As the United States prepares for the transfer of power between presidents, it’s a good time to pause and remember some interesting facts about previous inaugurations. Prior to 1937, the president was inaugurated on March 4 following the November election.  That changed with FDR’s second inauguration and the new date was fixed as January 20 by 20th Amendment to the Constitution.

Location:  Other than presidents who took the oath of office in a different location upon the death of their predecessor, all presidents have been inaugurated in Washington, DC starting with Thomas Jefferson in 1801.  George Washington was inaugurated for his first term in 1789 in New York City, then the nation’s capital, and in Philadelphia in 1793 for his second term, making him the only president to be inaugurated in two different cities.  John Adams was also inaugurated in Philadelphia in 1797, but didn’t move into the Executive Mansion (now the White House) until November 1800, just before he found out he had lost his re-election bid to Thomas Jefferson.

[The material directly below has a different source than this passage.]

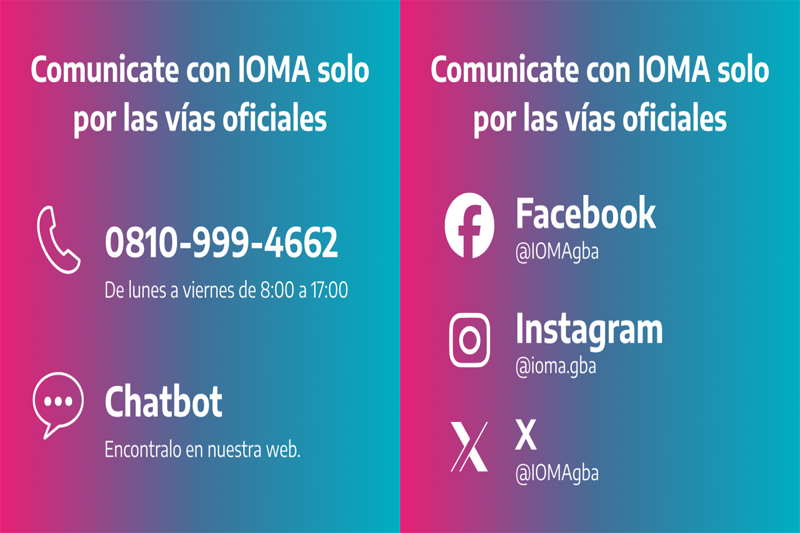 IOMA alerta por la filtración de padrones de afiliación y adpota medidas de seguridad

Skipping Town:  Sometimes, there are palpable tensions between the outgoing and incoming president.  In 1801, John Adams did not attend the inauguration of Thomas Jefferson and slipped out of Washington in the early morning hours of March 4, 1801 so he would not have to be present to watch the man who beat him take the oath of office.  Like father, like son, in 1829, outgoing president John Quincy Adams refused to attend the ceremonies for the man who had beaten him, Andrew Jackson.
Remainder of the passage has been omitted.